How to Avoid Bad Board Management Decision Making

Board management decision-making is a complex process that involves balancing executive tasks and responsibilities against the overall perspective needed to determine which strategies the company should pursue and the oversight necessary to enforce the new strategic direction. The decision-making process is prone to a number of factors that result in poor decisions. These problems are typically caused by a combination of poor performance over a long period and a need to increase risks to make up for the shortfall. The board may have a number of faulty evaluations and poor decisions which can have negative consequences for the company.

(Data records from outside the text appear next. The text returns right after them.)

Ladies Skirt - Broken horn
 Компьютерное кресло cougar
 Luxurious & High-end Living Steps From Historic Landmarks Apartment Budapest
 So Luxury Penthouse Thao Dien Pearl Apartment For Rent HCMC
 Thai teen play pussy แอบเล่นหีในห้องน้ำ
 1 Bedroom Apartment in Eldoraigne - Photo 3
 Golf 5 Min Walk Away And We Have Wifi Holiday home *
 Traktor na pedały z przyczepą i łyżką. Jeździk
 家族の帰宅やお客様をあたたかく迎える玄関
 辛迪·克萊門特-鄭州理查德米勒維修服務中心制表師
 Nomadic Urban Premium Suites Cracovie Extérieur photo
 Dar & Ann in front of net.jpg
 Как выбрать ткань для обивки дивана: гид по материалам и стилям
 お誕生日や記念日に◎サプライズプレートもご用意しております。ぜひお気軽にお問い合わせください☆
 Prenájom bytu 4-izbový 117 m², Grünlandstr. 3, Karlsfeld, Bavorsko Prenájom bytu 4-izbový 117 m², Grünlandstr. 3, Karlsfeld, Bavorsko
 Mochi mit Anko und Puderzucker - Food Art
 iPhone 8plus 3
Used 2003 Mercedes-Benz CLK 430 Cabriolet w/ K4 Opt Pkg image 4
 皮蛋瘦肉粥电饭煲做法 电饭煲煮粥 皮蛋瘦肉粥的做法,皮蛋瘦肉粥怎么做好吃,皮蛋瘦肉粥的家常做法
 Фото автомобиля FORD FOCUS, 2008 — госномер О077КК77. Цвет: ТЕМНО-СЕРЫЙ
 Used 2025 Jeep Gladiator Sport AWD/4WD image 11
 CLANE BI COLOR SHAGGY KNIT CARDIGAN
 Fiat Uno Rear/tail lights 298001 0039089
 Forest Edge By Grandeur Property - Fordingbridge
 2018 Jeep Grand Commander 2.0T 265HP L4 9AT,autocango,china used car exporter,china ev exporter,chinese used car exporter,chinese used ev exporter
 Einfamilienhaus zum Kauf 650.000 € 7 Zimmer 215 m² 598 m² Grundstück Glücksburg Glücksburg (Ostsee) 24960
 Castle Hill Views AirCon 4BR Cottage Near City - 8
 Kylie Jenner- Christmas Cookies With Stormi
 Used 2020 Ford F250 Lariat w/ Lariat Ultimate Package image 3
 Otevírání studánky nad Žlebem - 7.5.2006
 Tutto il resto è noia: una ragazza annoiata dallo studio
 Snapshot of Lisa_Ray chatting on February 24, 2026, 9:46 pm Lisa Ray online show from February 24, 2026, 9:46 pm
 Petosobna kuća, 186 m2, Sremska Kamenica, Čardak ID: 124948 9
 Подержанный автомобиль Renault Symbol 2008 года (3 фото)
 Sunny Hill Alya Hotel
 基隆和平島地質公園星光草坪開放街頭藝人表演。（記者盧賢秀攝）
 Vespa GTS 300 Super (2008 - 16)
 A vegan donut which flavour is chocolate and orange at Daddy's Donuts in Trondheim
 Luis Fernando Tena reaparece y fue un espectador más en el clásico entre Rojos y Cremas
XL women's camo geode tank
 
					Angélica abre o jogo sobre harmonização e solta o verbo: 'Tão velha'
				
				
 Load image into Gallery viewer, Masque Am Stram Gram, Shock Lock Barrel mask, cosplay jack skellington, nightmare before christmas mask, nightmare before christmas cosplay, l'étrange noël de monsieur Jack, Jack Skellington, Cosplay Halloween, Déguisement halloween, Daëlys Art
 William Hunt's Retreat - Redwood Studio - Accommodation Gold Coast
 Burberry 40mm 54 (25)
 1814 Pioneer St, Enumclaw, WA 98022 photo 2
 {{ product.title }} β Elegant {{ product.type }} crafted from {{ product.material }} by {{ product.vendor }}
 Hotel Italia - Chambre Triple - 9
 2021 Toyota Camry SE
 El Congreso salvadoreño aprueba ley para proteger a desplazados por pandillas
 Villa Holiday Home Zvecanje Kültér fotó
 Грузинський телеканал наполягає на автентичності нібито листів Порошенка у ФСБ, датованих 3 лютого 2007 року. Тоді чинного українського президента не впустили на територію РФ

The first step is to ensure that every member of the board have access information upon which they are able to base their decisions. This requires a comprehensive strategy that involves the gradual development by the board, of a mental or impression models of the subject matter and the investigation and analysis of this information to reveal any biases or assumptions that could affect the decisions made later.

Another crucial aspect is to determine when an issue is appropriate for the board’s consideration. This depends on the overall governance process of the business and the board chair’s ability to facilitate the right discussions at the appropriate time to avoid last-minute unexpected decisions or those that rely on a „gut check” and aren’t supported by facts. It also depends on the internal procedures of the board for example, the way they organize and evaluate their agenda, determining which items require their attention and determine if an open-ended discussion or a committee is more appropriate.